Auch in der Theologie. Als ich studiert habe, haben wir an den Universitäten, in den Seminaren und Übungen, leidenschaftlich darüber gestritten, wie das aussieht mit der Jungfrauengeburt, und wie die Geschichten verstanden werden können, die von ihr erzählen. Fest steht: die Jungfrauengeburt ist eine Herausforderung, weil sie für viele irgendwie nicht mehr in den Glauben dieser Zeit passt.

Aber fangen wir vorne an. Warum ist die Jungfrauengeburt Jesu eigentlich so eine wichtige Sache für das frühe Christentum, und warum erzählt die junge Kirche die Geschichte auf diese Weise? Gute Frage. Also:

Man kann sagen – von einer Jungfrau geboren worden zu sein, gehörte in der Welt, in der diese Geschichte aus dem Evangelium nach Lukas spielt, ein wenig zum guten Ton. Jesus war nicht der erste, der nach dem Glauben vieler Menschen von einer Jungfrau zur Welt gebracht wurde: Alexander der Große, Platon, der ägyptische Gott Horus, um nur einige zu nennen – alle gleichen sich in der Hinsicht, dass sie zu großem bestimmt waren, und dass Menschen sich erzählten, dass diese Männer nicht auf „natürlichem“ Wege in die Welt kamen, sondern Kinder von Göttern sind, und von Jungfrauen ausgetragen und geboren wurden. Auf normalem Wege in dieses Leben einzutreten, das passte irgendwie nicht in die Erzählungen von so großen Persönlichkeiten; es war profan, es war langweilig, es war zu normal. Schon damals glaubte man anscheinend, dass künftige Ereignisse ihre Schatten voraus warfen, und ein später spektakuläres Leben, dass das Leben vieler anderen beeinflusst hat und beeinflusst, auch auf spektakuläre Weise begonnen haben muss.

Viele Theologinnen und Theologen gehen deswegen heute davon aus, dass die Schreiber der Evangelien ein wenig unter den Druck des Genres der Heldenbiographien geraten waren – und sich deswegen vielleicht etwas dazu hingezogen fühlten, auch die Geschichte von Jesus phantastisch beginnen zu lassen.

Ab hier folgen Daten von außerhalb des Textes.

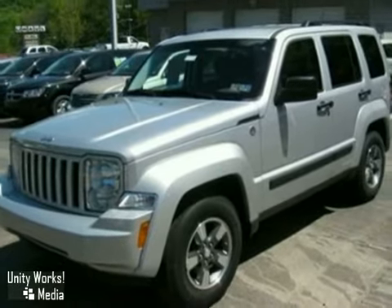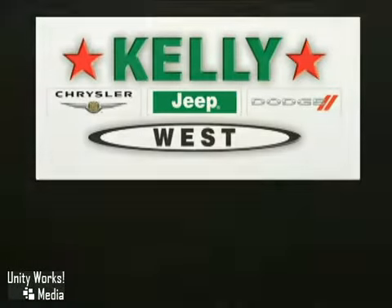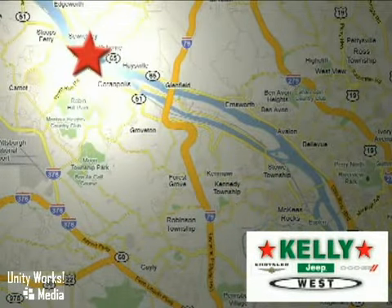Come on in today and take a look for yourself. At Kelly Chrysler Jeep Dodge West, we're conveniently located at 5408 University Boulevard in Moon Township, PA, just a quarter-mile from Robert Morris University.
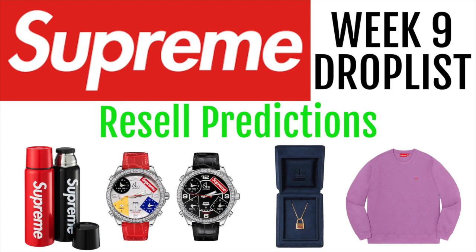Today we will be going over Supreme Week 9 drop list and resale predictions. Like this video and subscribe for more resale predictions and drop lists.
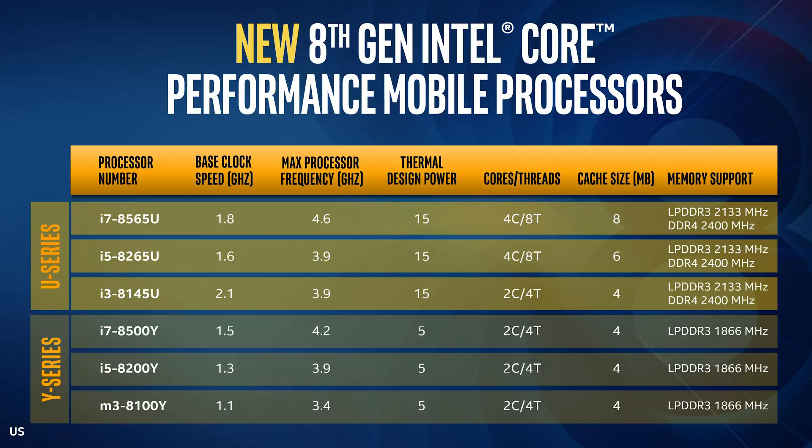When it comes to the U parts, the 15-watt parts, we have the i7-8565U. Looks like they've just added a 5 on the end and they're still called 8th generation — it was meant to be called Whiskey Lake and Amber Lake. They are all quad core. We also have an i5-8265U and an i3-8145U. The i7-8565U has a base clock speed of 1.8GHz and a turbo speed of 4.6GHz, and it has two more megabytes of cache over the i5. The i3 is a dual core, so do not buy the i3 — make sure you buy the i5 or i7.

Deswegen ist sich das Neue Testament in dieser Hinsicht vielleicht auch immer nicht ganz sicher. Ja, einerseits nutzen die Evangelisten die Erzählung von der Jungfrauengeburt auch inhaltlich, um deutlich zu machen, dass Jesus Gottes Sohn ist – und zwar schon auf eine andere Art und Weise, als wir anderen alle Gottes Kinder sind – er spricht und handelt mit einer Vollmacht und Gewissheit, die uns meistens fehlt. Andererseits reitet das Neue Testament aber auch ein bißchen viel darauf rum, dass Josef, eben der menschlich betrachtet nicht-Vater von Jesus, auf das Herrscherhaus Davids zurückgeht, und Jesus damit durch seine Abstammung  auch irgendwie und zumindest ein wenig Anspruch darauf hat, König Israels zu sein. Dass Jesus „Messias“ genannt wird – ein Begriff, der eigentlich aus den Krönungsriten der Könige Israels stammt – schillert immer ein wenig weltlich und göttlich, nicht nur in den Texten, sondern auch in den Ohren der damaligen Hörerinnen und Hörern, und viel deutet darauf hin, dass die Menschen, die Jesus zu seinen Lebzeiten folgten, bis zum Ende immer mal wieder nicht ganz sicher waren, von welchem Reich Jesus sprach – einem weltlichen, oder einem jenseitigen. Und viele fragten sich: In wessen Fußstapfen tritt Jesus denn nun? In die seines irdischen Vaters Josef, und wird König Israels? Oder in die seines göttlichen Vaters, und wird König über viel mehr als das?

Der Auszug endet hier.